Practice: Train, test, and cross-validation

Self-check

Seven short questions. Try to answer each one before opening the collapsible.

1. Why is reporting accuracy on the training data dishonest?

Show answer

Because the model was fit to that data, training accuracy measures fit, not generalization. A model can score perfectly on training by memorizing every example and still fail on anything new. The minimum honest evaluation is on data the model did not see during training.

2. What is the rule about the test set?

Show answer

It must be untouched during training and tuning. The moment you use it to compare models or adjust hyperparameters, you have contaminated it and its score is no longer a fair estimate of unseen performance. The test set is a one-shot evaluation.

3. Why introduce a validation set?

Show answer

To tune hyperparameters without touching the test set. Train fits the model, validation is used to compare hyperparameter settings, and test is the final one-shot evaluation of the chosen configuration.

4. Describe k-fold cross-validation in one paragraph.

Show answer

Split the data into k equal-sized folds. For each fold, train on the other k - 1 folds and test on the held-out one, recording the score. Average the k scores. The result is a stable estimate of generalization performance, with every data point used for both training and testing (just not at the same time).

5. When should you use stratified k-fold?

Show answer

For classification, especially when classes are imbalanced. It keeps each fold’s class proportions close to the overall dataset’s, preventing folds that accidentally contain almost none of the rare class.

6. Why is random k-fold the wrong tool for time-series data?

Show answer

Because random folds let the model train on points that come after the points it is predicting, which it would never have access to in deployment. Time-series cross-validation splits chronologically: train on the past, test on the next chunk.

7. Name two ways data leakage commonly happens.

Show answer

Any two of: tuning hyperparameters on the test set, preprocessing (scaling/imputing) before splitting so test statistics inform training, using future data to predict the past in time-series, or duplicates that appear in both train and test.

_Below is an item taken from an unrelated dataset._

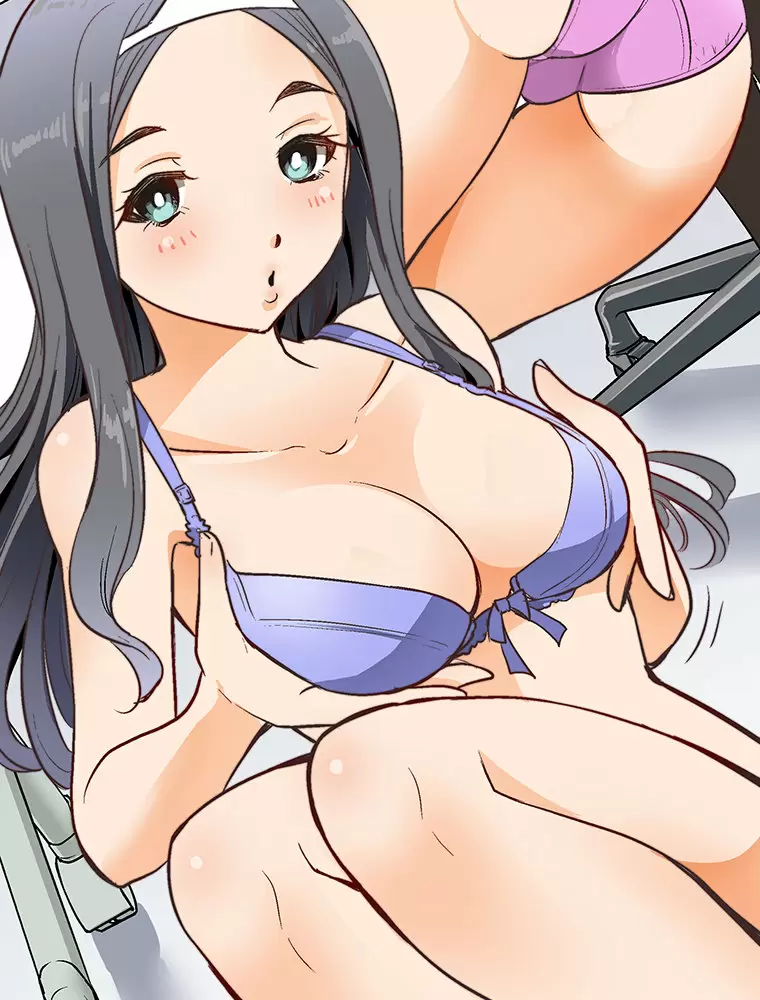 ¡¡Shitai No ♡ Karen San!! Capítulo 1 - Página 36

Try it yourself: average the CV scores

A 5-fold cross-validation produced these per-fold accuracies:

fold 1: 0.81
fold 2: 0.79
fold 3: 0.83
fold 4: 0.82
fold 5: 0.80

Compute the cross-validated estimate, and say in one sentence why it is more trustworthy than any single fold’s score.

Show answer

sum = 0.81 + 0.79 + 0.83 + 0.82 + 0.80 = 4.05
average = 4.05 / 5 = 0.81

Cross-validated accuracy = 0.81.

It is more trustworthy than any single fold’s score because it averages over 5 different held-out sets. The variance you see across folds (0.79 to 0.83) is exactly the wobble that one random split would have hidden inside a single number. Averaging cancels much of that randomness, so the 0.81 is a far more stable estimate of how the model performs on unseen data.

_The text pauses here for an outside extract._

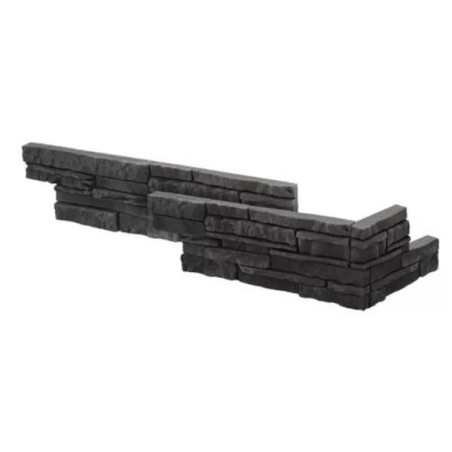 Narożnik Congo 1 47,3x13 Stones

Try it yourself: spot the leakage

A team builds a fraud classifier on 1,000 transactions. They follow this procedure:

1. Standardize all 1,000 records (subtract mean, divide by std).
2. Split the standardized data into 800 train / 200 test.
3. Train the model on the 800 training records.
4. Evaluate on the 200 test records. Report 95% accuracy.

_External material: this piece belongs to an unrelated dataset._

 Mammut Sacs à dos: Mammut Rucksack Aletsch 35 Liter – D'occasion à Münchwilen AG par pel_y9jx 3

What is wrong with this procedure, and what is the fix?

Show answer

The preprocessing happens before the split, so the mean and standard deviation used to standardize were computed over all 1,000 records, including the 200 that became the test set. Information from the test set has leaked into the standardization that the training data saw, and the test data has been scaled using its own statistics. The 95% number is therefore optimistically inflated; it is not a fair estimate of performance on truly unseen data.

The fix: split first, then fit the scaler on the 800 training records only (compute its mean and std), and apply that fitted scaler to the test records (without recomputing). The test data is now scaled with statistics it never contributed to, and the reported accuracy is honest. The same rule applies to every preprocessing step (imputation, encoding, feature selection): fit on training, apply to test.

Flashcards

Ten cards. Click any card to reveal the answer. Use the Print flashcards button for one card per page.

Q. Why is training accuracy not a measure of generalization?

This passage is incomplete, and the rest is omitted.